Amy stood beside the hole, peering into it, trying to gather her courage, remembering her time down there with Eric, just the two of them, the things they'd spoken of to keep their fear at bay, the lies they'd told each other. She didn't want to return again, would've said no if only she could've thought of a way to do so. But now that they'd carried Pablo all the way across the hilltop, she couldn't see how she had a choice.

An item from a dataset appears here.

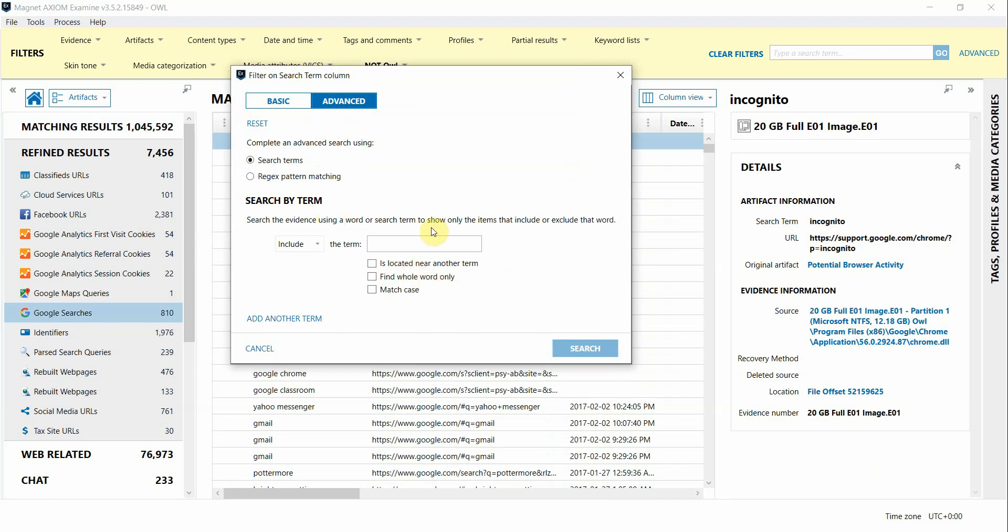Hopefully these filtering features will help you narrow down your data and get to the evidence you need in your case that much more quickly. We hope you try it out and please let us know what you think. Thanks for watching!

Eric crouched, began to probe at the wound on his leg, muttering to himself. "We'll cut it off," he said, and Amy turned to stare at him, startled, not certain if she'd heard correctly. Then he was up and pacing once more. The vine had eaten holes in his shirt, almost shredding it. He was covered in his own blood, spattered and dripped and smeared with it. They all looked bad, but he looked the worst.

Jeff was making his torch. He used a tent pole, wrapping duct tape around its bottom for a grip so the aluminum wouldn't grow too hot for him to hold. He knotted some of the archaeologists' clothes around the top-a pair of denim shorts, a cotton T-shirt-tying them tight. Amy couldn't see how it was going to work, but she didn't say anything, was too worn-out to argue about it. If they had to attempt this, she wanted just to do it and get it done.

Mathias stood up, wiping his hands on his pants. The rope was fine. They all watched as he carefully wound it back around the windlass. When he was done, Jeff slid the sling over his head, tucking it under his arms. He was holding the box of matches, the already-opened bottle of tequila, his flimsy-looking torch. Mathias and Eric stepped to the windlass, leaning against the hand crank with all their weight. And then, without the slightest hint of hesitation, Jeff stepped into the open air above the shaft. He didn't say anything in parting to Amy; they hadn't talked about a plan. She was supposed to follow him into the hole-that was all she knew. The rest, they'd have to make up once they got down there.